Melanie Nind introduces a new Open University course with benefits for everyone

Special and inclusive education is an area of rapid change. Recent years have seen not only legislative change in the disability discrimination area, and a major shift in Government promotion of inclusive policies, but also new rights for parents and changes in Ofsted's inspection of inclusion. Now the 2003 Green Paper "Every Child Matters" promises major developments in the way professionals work together and, along with new strategy, Removing Barriers to Achievement, will bring together the last five years of policy change, with inclusion and joined-up thinking underpinning plans for the future.

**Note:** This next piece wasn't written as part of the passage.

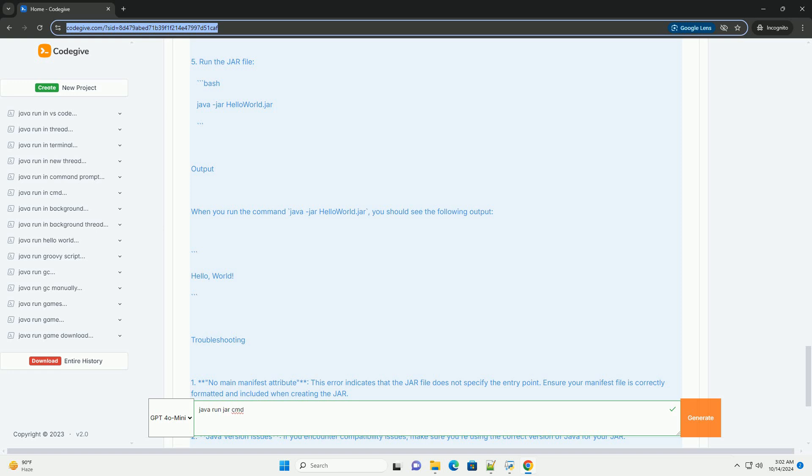Four, create the JAR file. Now, you can create a JAR file using the jar command. This command creates a JAR file named HelloWorld.jar using the manifest file and the compiled class file.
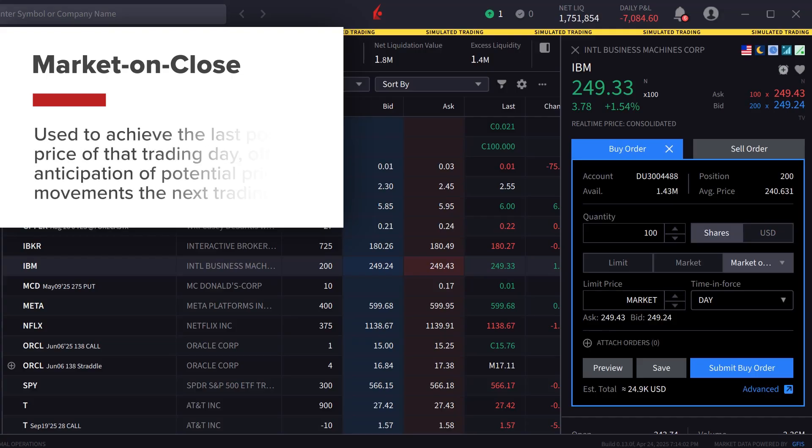MOC orders are used to achieve the last possible price of that trading day, often in anticipation of potential price movements on the next trading day.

Alongside the need to keep up-to-date with the onslaught of policy initiatives there is a pressing need not to lose sight of the lasting issues of what makes for quality teaching and learning for all. The challenge is to share information about policy initiatives, but also to give teachers the tools and confidence to appraise those initiatives critically so they can implement change in a principled way. The Open University (OU) inclusive education courses, which used to attract mainly teachers, now attract para-professionals, parents, administrators and people with an interest in social justice.

Professional development courses bring wider educational and life-changing benefits. Teaching assistants bring with them rich experience, which, in the spirit of inclusive education, needs to be valued and built upon.

Recognising themselves and their experiences in study materials that explicitly value diversity is part of what can get them "hooked" on education.

Past OU courses have both helped to set and respond to the agenda for inclusion. Mark Vaughan, director of the Centre for Studies in Inclusive Education, has described how they have influenced many of their key campaigns (Support for Learning, 17,1, 2002, p44). They have offered a critique of segregated systems and called for inclusion.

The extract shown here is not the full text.